How it is possible to approximate:
$\sum_{i=1}^{NR}{i\cdot \left( \dfrac{1}{1-p} \right)^i} $
How it is possible to approximate:
$\sum_{i=1}^{NR}{i\cdot \left( \dfrac{1}{1-p} \right)^i} $
Let $x = \dfrac1{1-p}$ and let $n = NR$. Then we are interested in the sum $\displaystyle \sum_{i=1}^{n} i x^i$.

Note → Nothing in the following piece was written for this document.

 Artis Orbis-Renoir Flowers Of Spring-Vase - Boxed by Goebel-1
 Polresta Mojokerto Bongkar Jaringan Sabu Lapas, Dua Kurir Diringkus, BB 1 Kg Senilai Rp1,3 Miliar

\begin{align} \sum_{i=1}^{n} i x^i & = x \left(\sum_{i=1}^{n} i x^{i-1} \right)\\ & = x \left( \sum_{i=1}^{n} \frac{d x^i}{dx} \right)\\ & = x \frac{d}{dx} \left( \sum_{i=1}^{n} x^i\right)\\ & = x \frac{d}{dx} \left( x\left(\frac{x^n - 1}{x-1} \right) \right)\\ & = x \left( \frac{nx^{n+1} - (n+1)x^n + 1}{(x-1)^2} \right) \end{align}
Replacing $x$ by $\dfrac1{1-p}$ and $n$ by $NR$, we get that the solution is $\left( \frac{NR}{p} - \frac1{p^2} + \frac1p \right) \left( \dfrac1{1-p}\right)^{NR} + \frac1{p^2} - \frac1p$